_Description of the task:_
Transcribe the lines below exactly. No image belongs in the transcription.
━━━ Source information
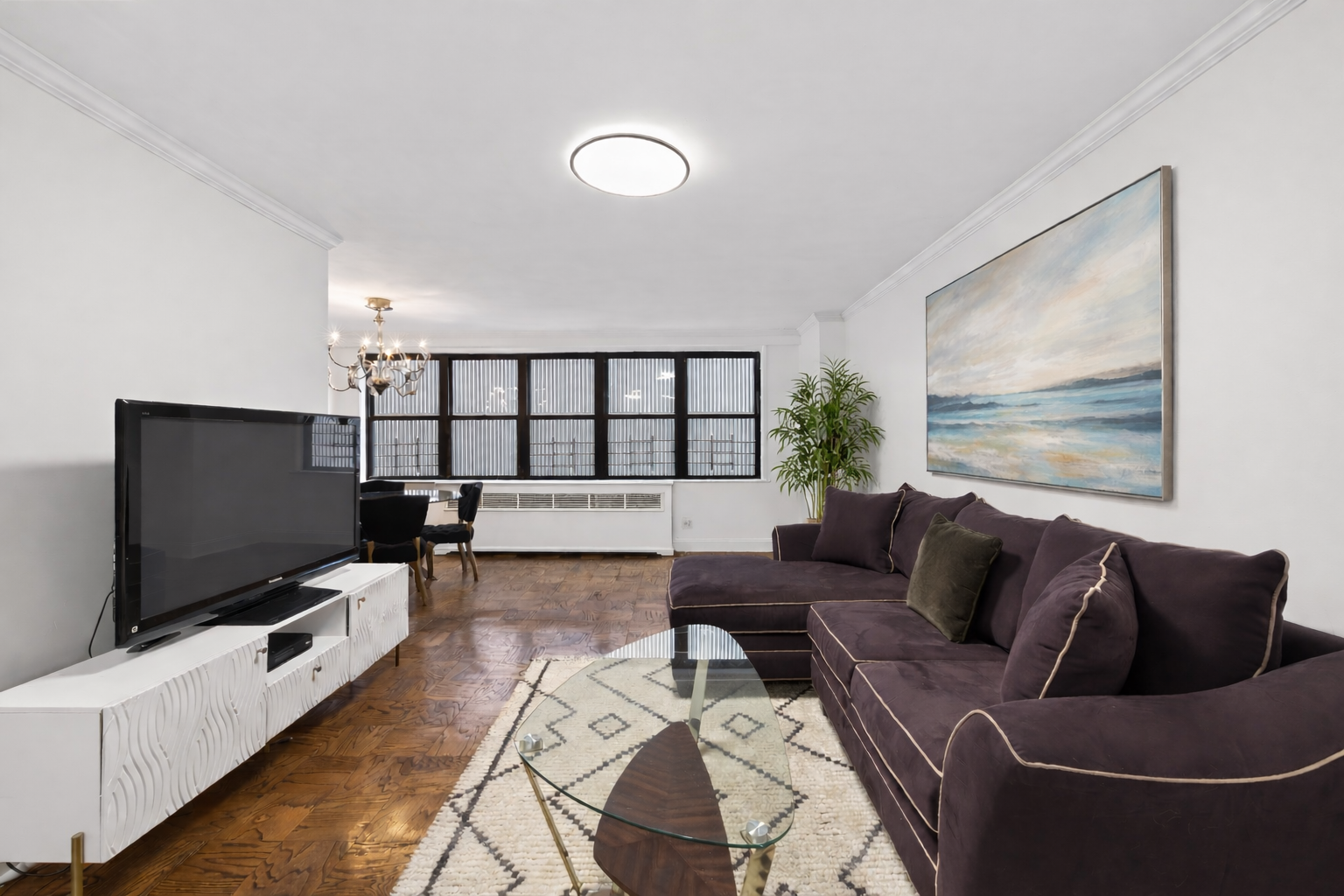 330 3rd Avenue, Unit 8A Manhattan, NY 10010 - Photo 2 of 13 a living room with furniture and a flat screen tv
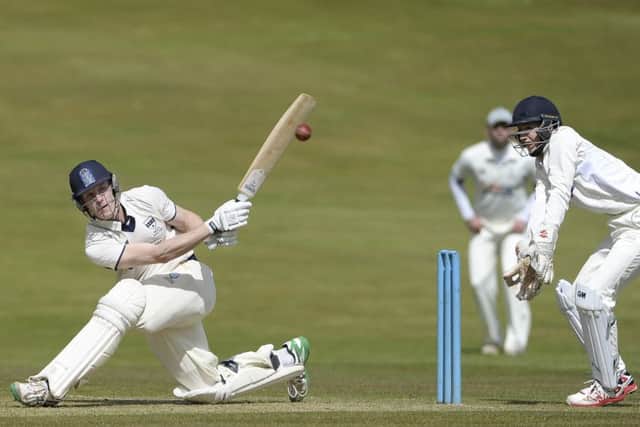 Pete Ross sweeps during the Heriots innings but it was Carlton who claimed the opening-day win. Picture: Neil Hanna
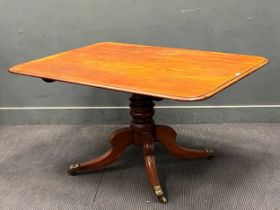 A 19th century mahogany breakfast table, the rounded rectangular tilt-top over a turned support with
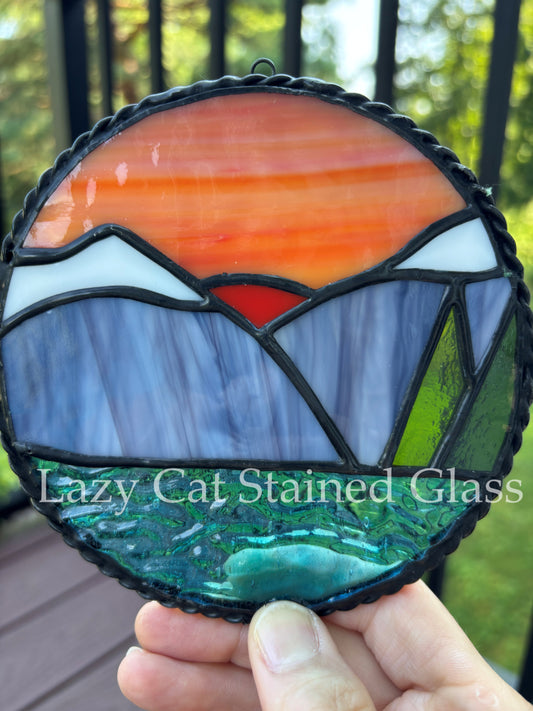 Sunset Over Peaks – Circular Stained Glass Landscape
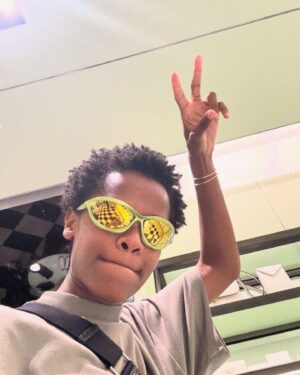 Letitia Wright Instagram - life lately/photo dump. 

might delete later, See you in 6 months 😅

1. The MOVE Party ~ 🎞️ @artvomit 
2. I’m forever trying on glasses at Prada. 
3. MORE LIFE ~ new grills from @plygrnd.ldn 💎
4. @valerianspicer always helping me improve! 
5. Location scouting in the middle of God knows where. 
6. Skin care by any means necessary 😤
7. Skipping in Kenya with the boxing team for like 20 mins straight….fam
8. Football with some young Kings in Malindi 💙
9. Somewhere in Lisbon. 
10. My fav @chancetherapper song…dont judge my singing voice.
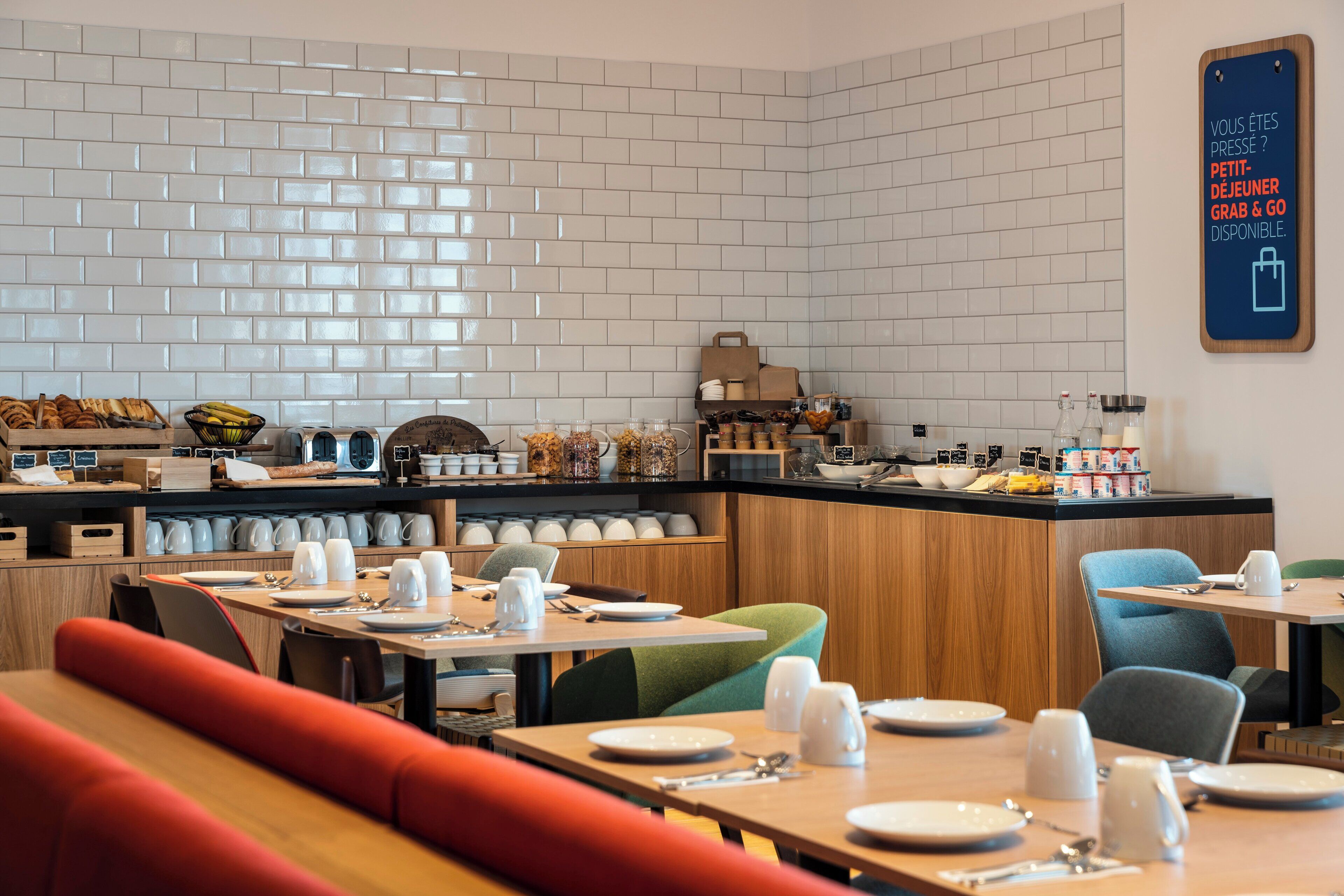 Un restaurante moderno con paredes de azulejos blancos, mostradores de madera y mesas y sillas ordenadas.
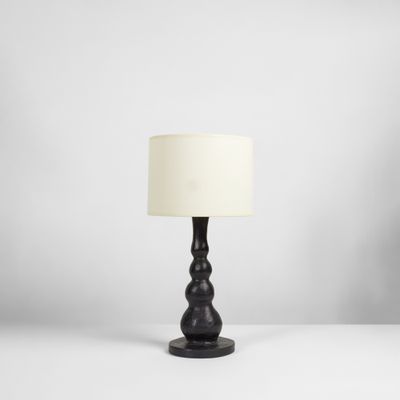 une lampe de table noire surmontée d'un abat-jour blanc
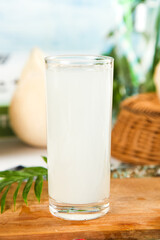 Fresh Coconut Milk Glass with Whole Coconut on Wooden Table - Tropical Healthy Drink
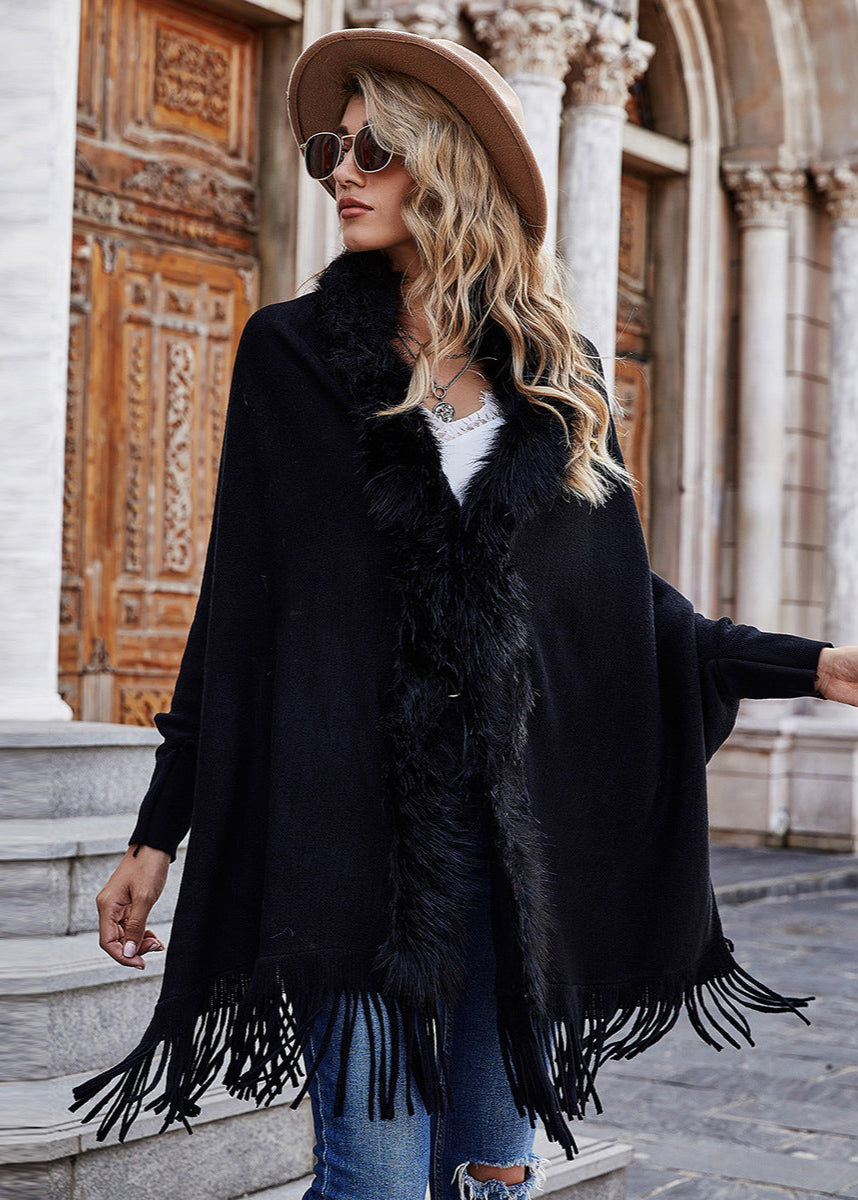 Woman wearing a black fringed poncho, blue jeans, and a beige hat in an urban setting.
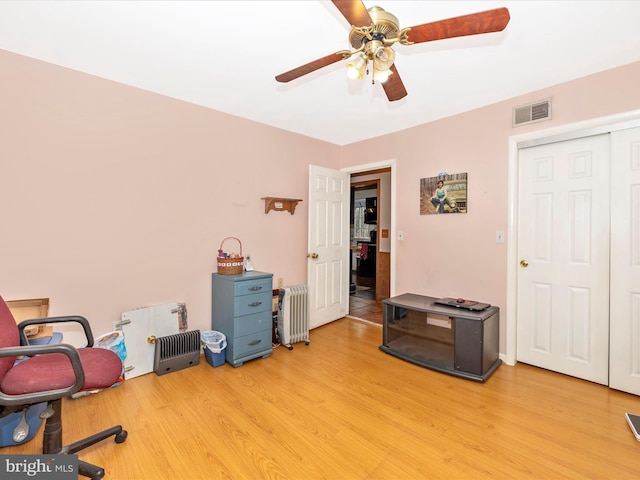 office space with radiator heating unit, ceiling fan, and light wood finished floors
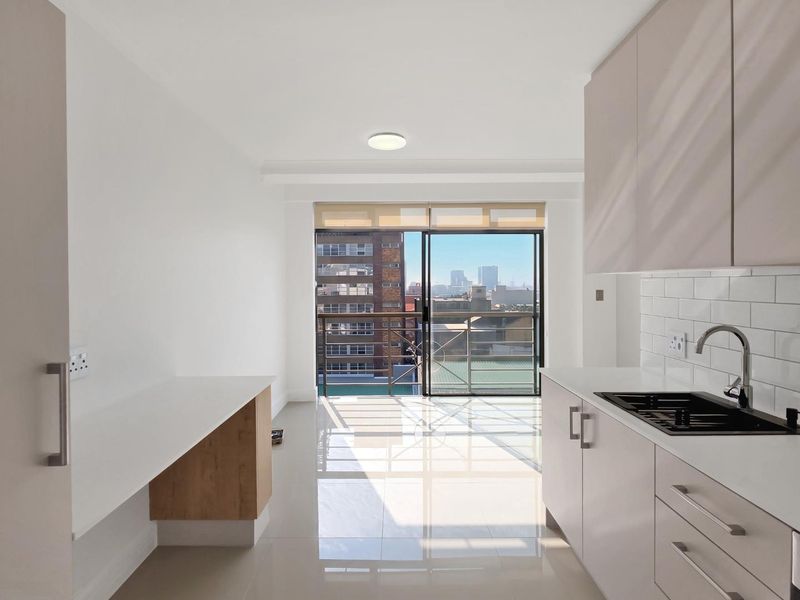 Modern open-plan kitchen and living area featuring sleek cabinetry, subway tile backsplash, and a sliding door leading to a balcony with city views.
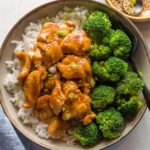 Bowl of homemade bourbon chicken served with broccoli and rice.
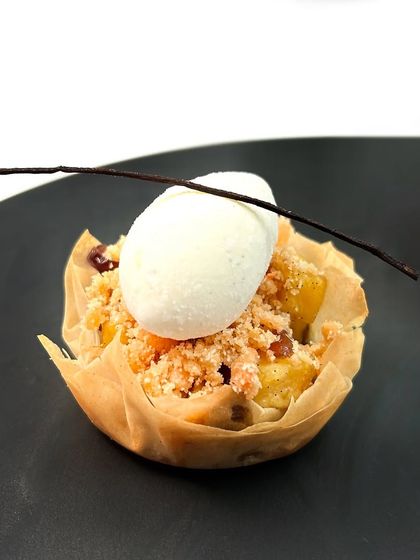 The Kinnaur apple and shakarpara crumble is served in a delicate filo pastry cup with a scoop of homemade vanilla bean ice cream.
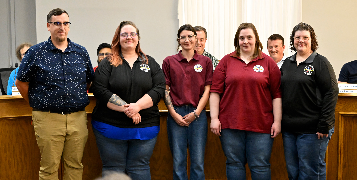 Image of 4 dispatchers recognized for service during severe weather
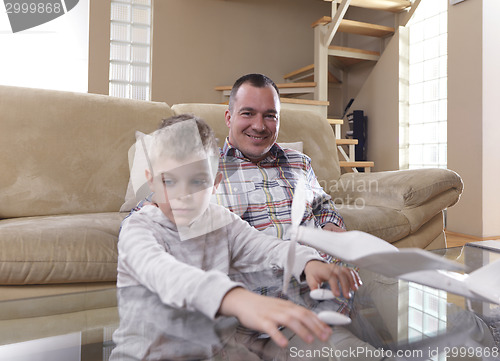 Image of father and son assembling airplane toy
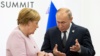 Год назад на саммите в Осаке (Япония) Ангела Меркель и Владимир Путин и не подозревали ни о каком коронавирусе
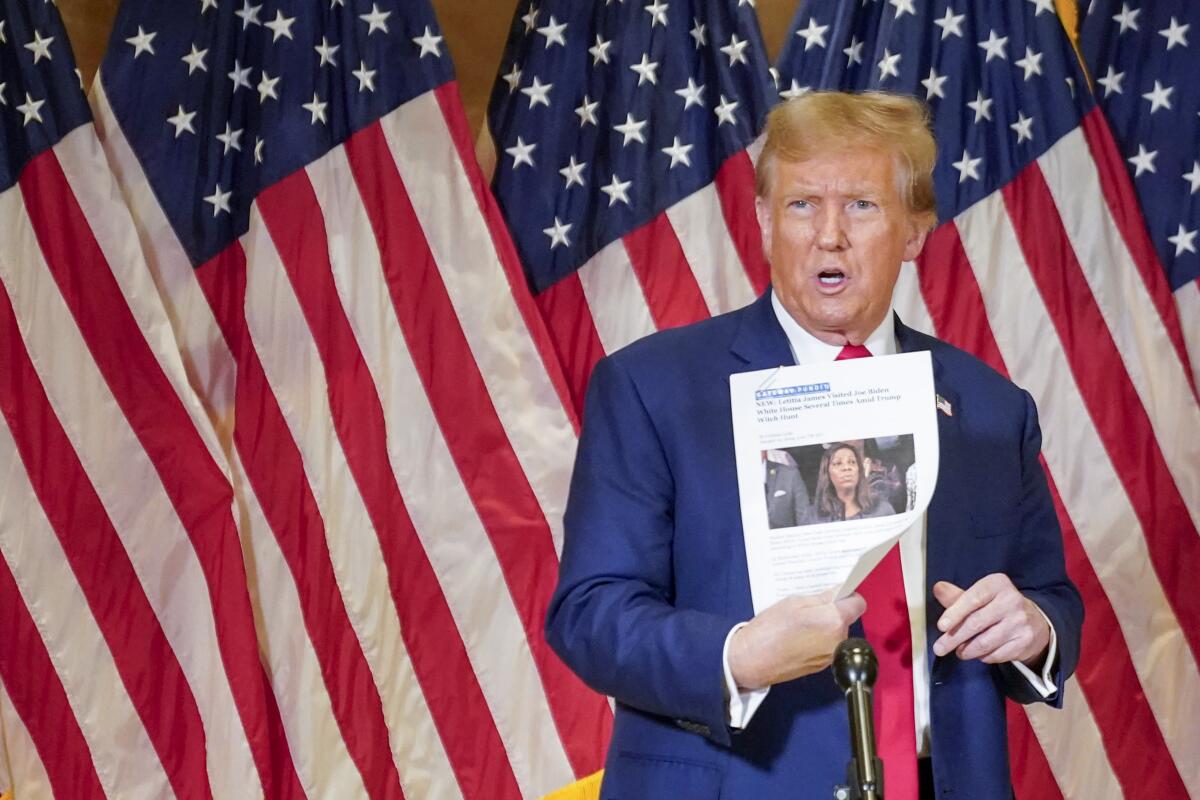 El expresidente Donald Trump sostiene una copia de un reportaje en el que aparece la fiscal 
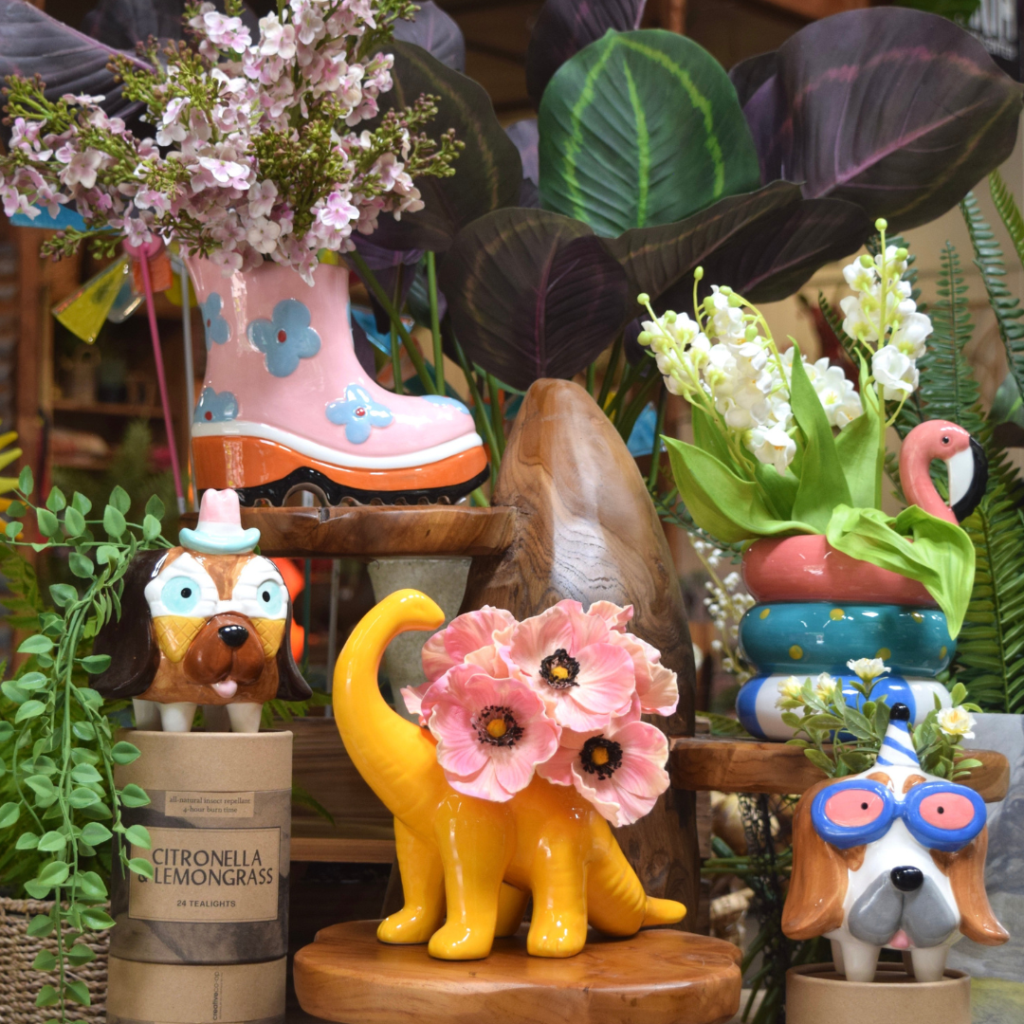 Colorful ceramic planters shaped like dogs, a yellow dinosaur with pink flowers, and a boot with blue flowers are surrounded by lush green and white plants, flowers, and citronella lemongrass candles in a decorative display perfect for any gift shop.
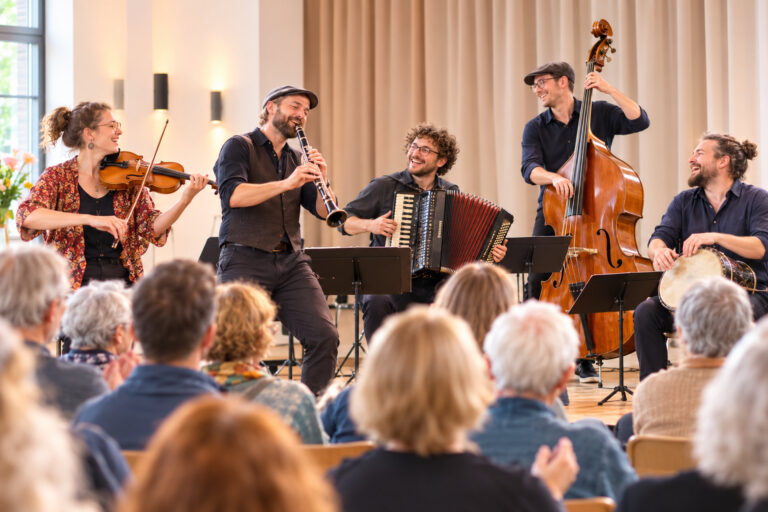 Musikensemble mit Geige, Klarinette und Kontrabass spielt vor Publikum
━━━━━━
_Task solution:_
 330 3rd Avenue, Unit 8A Manhattan, NY 10010 - Photo 2 of 13 a living room with furniture and a flat screen tv
 Pete Ross sweeps during the Heriots innings but it was Carlton who claimed the opening-day win. Picture: Neil Hanna
 A 19th century mahogany breakfast table, the rounded rectangular tilt-top over a turned support with
 Sunset Over Peaks – Circular Stained Glass Landscape
 Letitia Wright Instagram - life lately/photo dump. 

might delete later, See you in 6 months 😅

1. The MOVE Party ~ 🎞️ @artvomit 
2. I’m forever trying on glasses at Prada. 
3. MORE LIFE ~ new grills from @plygrnd.ldn 💎
4. @valerianspicer always helping me improve! 
5. Location scouting in the middle of God knows where. 
6. Skin care by any means necessary 😤
7. Skipping in Kenya with the boxing team for like 20 mins straight….fam
8. Football with some young Kings in Malindi 💙
9. Somewhere in Lisbon. 
10. My fav @chancetherapper song…dont judge my singing voice.
 Un restaurante moderno con paredes de azulejos blancos, mostradores de madera y mesas y sillas ordenadas.
 une lampe de table noire surmontée d'un abat-jour blanc
 Fresh Coconut Milk Glass with Whole Coconut on Wooden Table - Tropical Healthy Drink
 Woman wearing a black fringed poncho, blue jeans, and a beige hat in an urban setting.
 office space with radiator heating unit, ceiling fan, and light wood finished floors
 Modern open-plan kitchen and living area featuring sleek cabinetry, subway tile backsplash, and a sliding door leading to a balcony with city views.
 Bowl of homemade bourbon chicken served with broccoli and rice.
 The Kinnaur apple and shakarpara crumble is served in a delicate filo pastry cup with a scoop of homemade vanilla bean ice cream.
 Image of 4 dispatchers recognized for service during severe weather
 Image of father and son assembling airplane toy
 Год назад на саммите в Осаке (Япония) Ангела Меркель и Владимир Путин и не подозревали ни о каком коронавирусе
 El expresidente Donald Trump sostiene una copia de un reportaje en el que aparece la fiscal 
 Colorful ceramic planters shaped like dogs, a yellow dinosaur with pink flowers, and a boot with blue flowers are surrounded by lush green and white plants, flowers, and citronella lemongrass candles in a decorative display perfect for any gift shop.
 Musikensemble mit Geige, Klarinette und Kontrabass spielt vor Publikum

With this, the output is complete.